* [Directions] Your copy should match the listing word for word, apart from the pictures, which are left out.

* [Data shown]
================

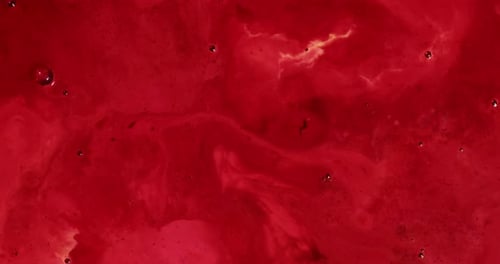 Red Liquid Swirls from Bottom to Center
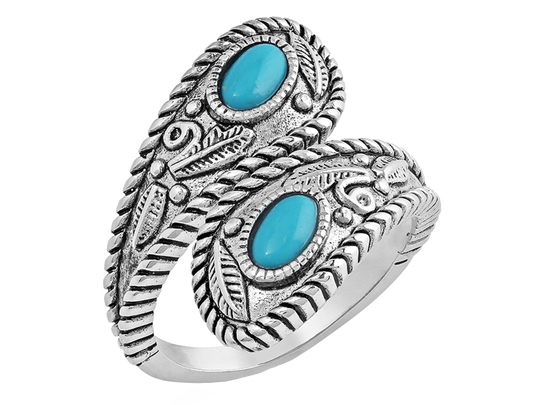 Open ring that is antiqued-silver in color and wraps around the finger to overlap. The twists and curls of the silver are accented by etched florals and filigree. The ends are teardrop in shape and hold a turquoise stone in the middle. Stone color and shape may vary. Available online or at our shop just outside Nashville in Smyrna, TN. Size is adjustable.

Material: Rhodium over a sterling silver base. Synthetic turquoise. Dimensions: 0.78"W x 0.15"H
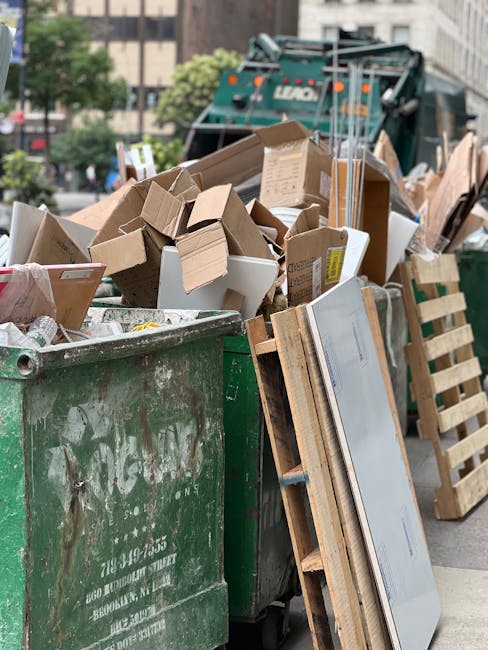A large green waste disposal bin filled to capacity with a mixture of cardboard boxes, some flattened and others partially assembled, along with white and brown packaging materials. The cardboard varies in size, color, and texture, with some showing printed labels or markings. Leaning against the bin on the right is a wooden pallet and a plastic-framed mirror with a silver reflective surface. In the background, a commercial garbage truck is partially visible with a blue-green body and hydraulic lifting mechanisms, positioned on a city street with multi-storey buildings and trees. The scene is outdoors under diffuse daylight, capturing the typical environment of private rubbish collection or on-site waste clearance handled by services such as Rubbish Collection Hounslow, serving the local Hounslow area.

================

* [Completed exercise]
 Red Liquid Swirls from Bottom to Center
 Open ring that is antiqued-silver in color and wraps around the finger to overlap. The twists and curls of the silver are accented by etched florals and filigree. The ends are teardrop in shape and hold a turquoise stone in the middle. Stone color and shape may vary. Available online or at our shop just outside Nashville in Smyrna, TN. Size is adjustable.

Material: Rhodium over a sterling silver base. Synthetic turquoise. Dimensions: 0.78"W x 0.15"H
A large green waste disposal bin filled to capacity with a mixture of cardboard boxes, some flattened and others partially assembled, along with white and brown packaging materials. The cardboard varies in size, color, and texture, with some showing printed labels or markings. Leaning against the bin on the right is a wooden pallet and a plastic-framed mirror with a silver reflective surface. In the background, a commercial garbage truck is partially visible with a blue-green body and hydraulic lifting mechanisms, positioned on a city street with multi-storey buildings and trees. The scene is outdoors under diffuse daylight, capturing the typical environment of private rubbish collection or on-site waste clearance handled by services such as Rubbish Collection Hounslow, serving the local Hounslow area.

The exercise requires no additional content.